Sense on CEO pay
January 3rd, 2007
An interview with Charlie Munger, Warren Buffet’s long-time business partner, was published by the Los Angeles Times on New Year’s Day. After the Home Depot abomination, Munger speaks tremendous sense:
What makes CEO pay so difficult is that only a few of the people who are earning these huge amounts are actually worth it. Everyone else figures they have to keep up or recognize that their guy isn’t as good. Who wants the recognition that the company down the street has a remarkable CEO, but we have a mediocre klutz?
I like the idea of high pay for people who are really worth it. The problem is that most of them are not. Every mediocre employee who rises through the ranks to become CEO thinks he should retire rich. It’s crazy.

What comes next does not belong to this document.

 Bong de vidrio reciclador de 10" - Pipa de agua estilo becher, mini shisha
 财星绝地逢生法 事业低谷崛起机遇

Munger also reckons that any hope of improving the situation will be hard won. He has a very dim view of a lot of American executives: “In my opinion, not enough executives have gone to jail.” (Via Kevin Drum)
The rewards of failure
January 3rd, 2007
The resignation of Bob Nardelli as CEO of Home Depot suggests that widespread public opprobrium does sometimes reach the executive suite in US businesses. Nardelli was hailed in some areas for his cultural transformation of Home Depot. The influential Ram Charan described Nardelli’s work in the April 2006 Harvard Business Review in thoroughly laudatory tones.
But other observers weren’t so happy. The New York Times brutally exposed the gap between the company’s share performance and Nardelli’s personal rewards in May. (The always-excellent Felix Salmon took me to task at the time for suggesting that share price should be the measure of a CEO’s performance. Fair enough. But Felix and I agreed that by any measure Nardelli’s compensation was outrageous.) In the ensuing flap, Nardelli led an annual general meeting that was Stalinist in its suppression of dissident views. It’s a sign of how insulated US executives are that it has taken over seven months from that fiasco for Nardelli to go.

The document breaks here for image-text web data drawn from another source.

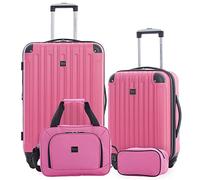 Travelers Club Set de Voyage Bagages Midtown Rigide 4 Pièces, Bubble Gum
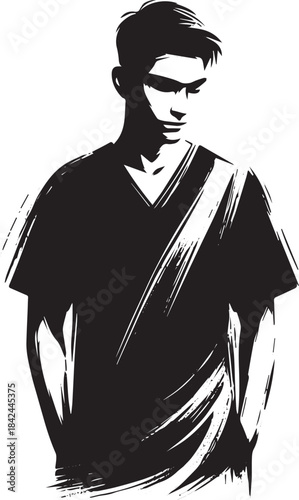 A monochromatic figure study in sumi-e style evoking contemplati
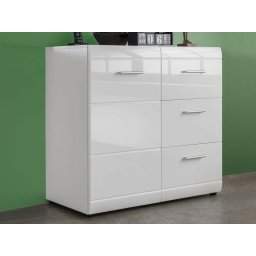 Dressoir PITTA 1 deur 3 lades hoogglans wit
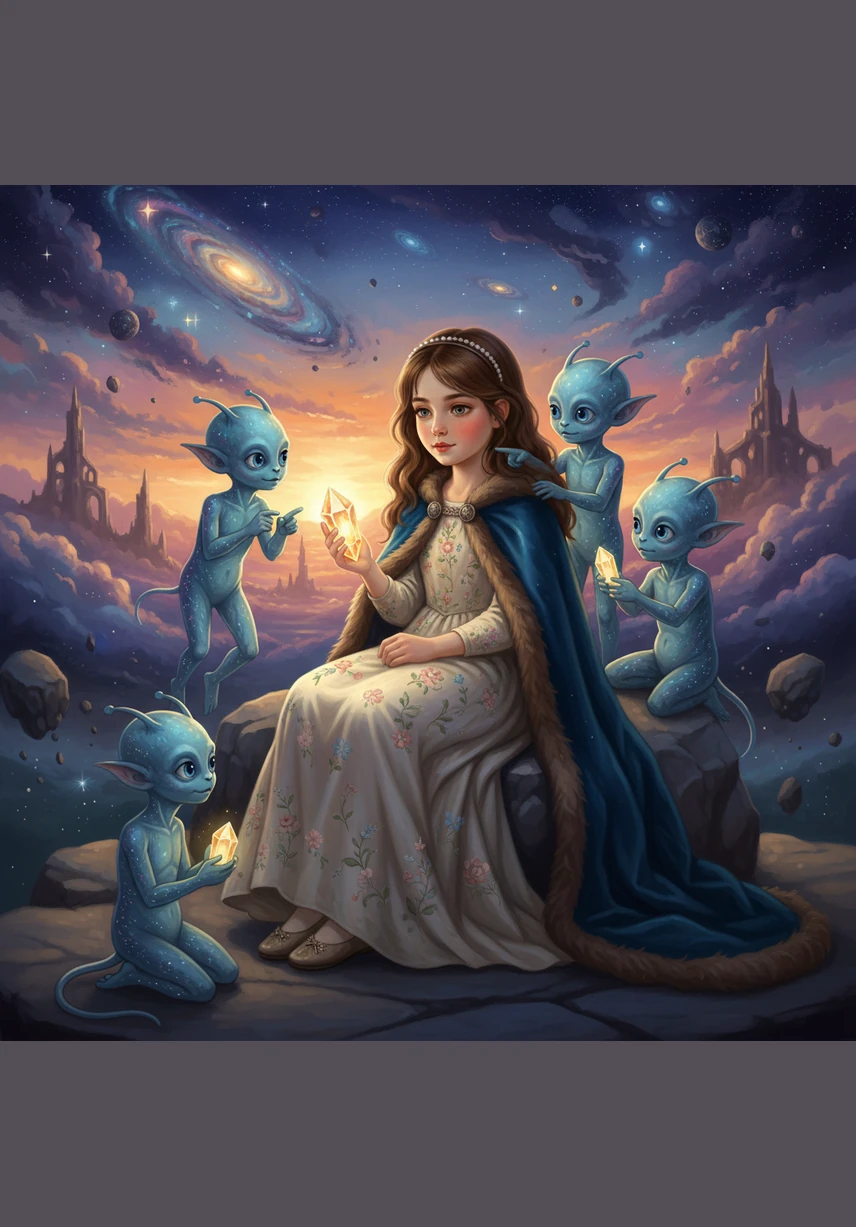 To show their gratitude for her warm welcome, the visitors handed Eva a tiny, floating star-seed that pulsed with a gentle golden light. It hovered above her palm, radiating a warmth that felt like a cozy hug from the cosmos itself.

When I wrote about Nardelli before I hoped that “a reaction against the contemptuous and arrogant behavior of chairman and CEO Robert Nardelli will be a turning point in the outrageous rewards grabbed by so many corporate chieftains in the US”. I was pessimistic, but maybe the worm is turning. By the way, don’t feel too sorry for the guy. His leaving package amounts to $210 million.